Some places to get cube tanks:
-http://www.greenleafaquariums.com/
-http://www.marinedepot.com/Azoo-Saltwater_Fish__Coral___Reef_Aquariums-AZ1-FIAQ-ct.html
-and ADA suppliers
-Make it yourself! Use this calculator to help: http://www.theaquatools.com/building-your-aquarium

Sorry if I left anyone out


----------



## naora (Nov 3, 2010)

The Ebi is about $110 and the Flora I found at $120. How fast do prices for this stuff drop? Any expirience from the Fluval Edge or the Chi?

I thought about doing it myself, but I was always afraight of chemistry...I have two left hands in things like that  don't want to force my luck.


----------



## PinoyBoy (Mar 14, 2008)

There's no chemistry involved in making DIY co2. It's more along the lines of cooking cup noodles. Here's some guides for DIY co2:
http://www.plantedtank.net/forums/diy/9916-jello-co2-thread.html
http://www.plantedtank.net/forums/diy/118793-diy-co2-w-brown-sugar-oiy.html

And for the price of those fluval tanks, you can get a nice set up for around** the same price.


----------



## MARIMOBALL (Mar 18, 2007)

The fluval flora sounds like a good deal considering you get real plant substrtrate, good lighting, filter, and pressurized CO2. I remember the hydor mini CO2 kit or the red sea paintball kit used to go for over $120 by itself check this out http://www.marineandreef.com/CO2_Green_NRG_Advanced_Hydor_p/rhy00428.htm and this one http://www.bigalsonline.com/product...medium=Comparison+Shopping&CAWELAID=388701238 Prices have fallen plus petsmart always has sales on new items and frequently have coupons. maybe you can get one for $110 out the door. Im probably gonna get one at some point.


----------



## naora (Nov 3, 2010)

Wow, those CO2 kits are quit expensive. The one I postet above is something complete diffrent to those high end kits. It's minimalistic, so perfect for a nano :wink:

Do you cover the plant substrat with gravel? In germany we used to put plant substrat about 1/2 inch hight, then cover with gravel also 1 inch.

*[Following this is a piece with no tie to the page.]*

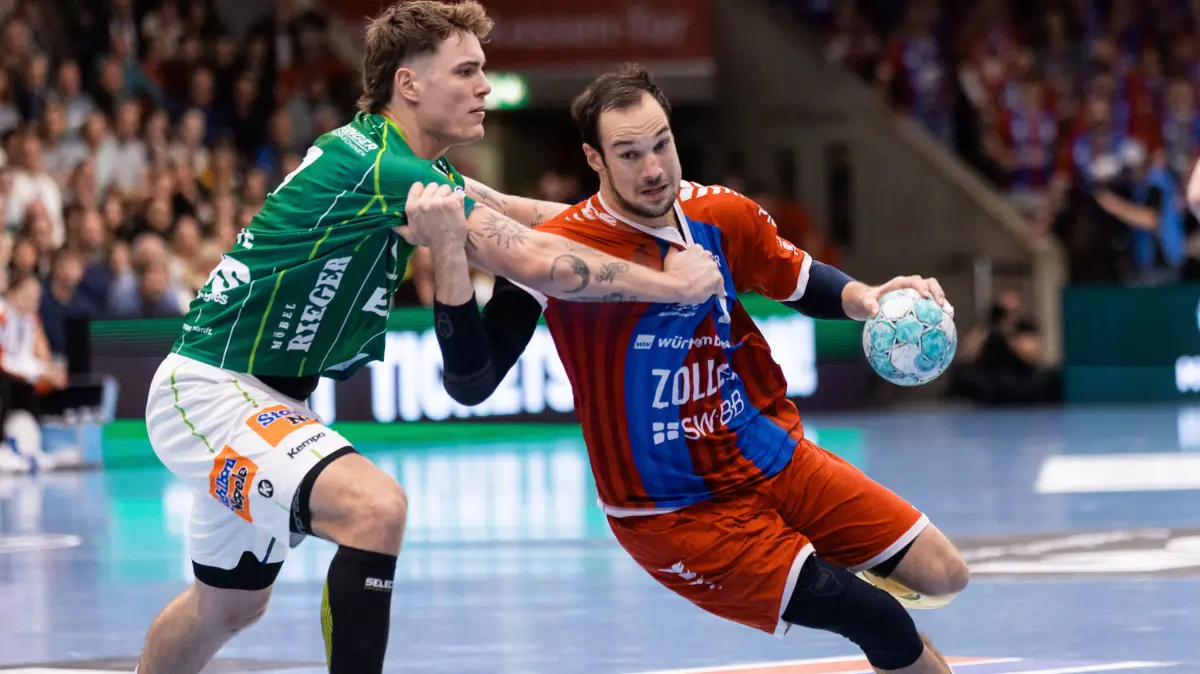 GER, FRISCH AUF! Goeppingen vs. SG BBM Bietigheim, Handball, Bundesliga, OPEL HBL, 8. Spieltag, Spielzeit 2026/2027, 10.10.2026,: Domikin CLAUS SG BBM Bietigheim, 07 im Zweikampf gegen Victor KLOEVE FRISCH AUF Goeppingen, 07 GER, FRISCH AUF Goeppingen vs. SG BBM Bietigheim, Handball, Bundesliga, OPEL HBL, 8. Spieltag, Spielzeit 2026/2027, 10.10.2026, GER, FRISCH AUF Goeppingen vs. SG BBM Bietigheim, Handball, Bundesliga, OPEL HBL, 8. Spieltag, Spielzeit 2026/2027, 10.10.2026, Goeppingen *** Domikin CLAUS SG BBM Bietigheim, No. 07, in a one-on-one battle against Victor KLOEVE FRISCH AUF Goeppingen, No. 07, GER, FRISCH AUF Goeppingen vs. SG BBM Bietigheim, Handball, Bundesliga, OPEL HBL, Matchday 8, 20262027 season, October 10, 2026, GER, FRISCH AUF Goeppingen vs. SG BBM Bietigheim, Handball, Bundesliga, OPEL HBL, Matchday 8, 20262027 season, October 10, 2026, Goeppingen Copyright: xEibnerxPressefoto/OliverxSchmidtx EP_OST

An interesting point with the flora set is, how often the co2 flask has to be exchanged and what the price for that is.

@PinoyBoy: you are right about the price for a setup. I just calculated some stuff (still without lamp, have to do some reading about what I can get here first)
Mr Aqua Cube $47
Hagen AquaClear 30 $26 (love this filter, it's so quit and easy to maintain)
Deco and Plants $40...
lamp...???

I hate new starts, you have to get everything, really everything new :icon_frow


----------



## PinoyBoy (Mar 14, 2008)

Who said anything about starting new?? Go to the s&s to buy used items and save some muhney. Sorry about that bad pun.

Also some sites and stores uses coupon like what Marimoball said.



onefang said:


> Just found some more info on the FLORA.
> It should come with the following:
> 
> 30L (7.9 gal) Bent Front Glass Aquarium
> ...


Actually after searching it up, for 120 dollars this Fluval Flora kit does seem very nice. It actually has items that people use. Searching for the co2 that is included in the Fluval Flora, I came up with this: http://www.plantedtank.net/forums/equipment/119910-new-fluval-co2-kit.html

If this is actually the co2 kit that comes with it, it seems to be a decent deal. But then buying disposable cartridges is going to be a pain and will get very expensive in the long run.


----------



## OverStocked (May 26, 2007)

Welcome to America... You will find our nano tank options are still catching up to what you are use to. I would look at ADA as an option, though the price might be higher than you are use to. 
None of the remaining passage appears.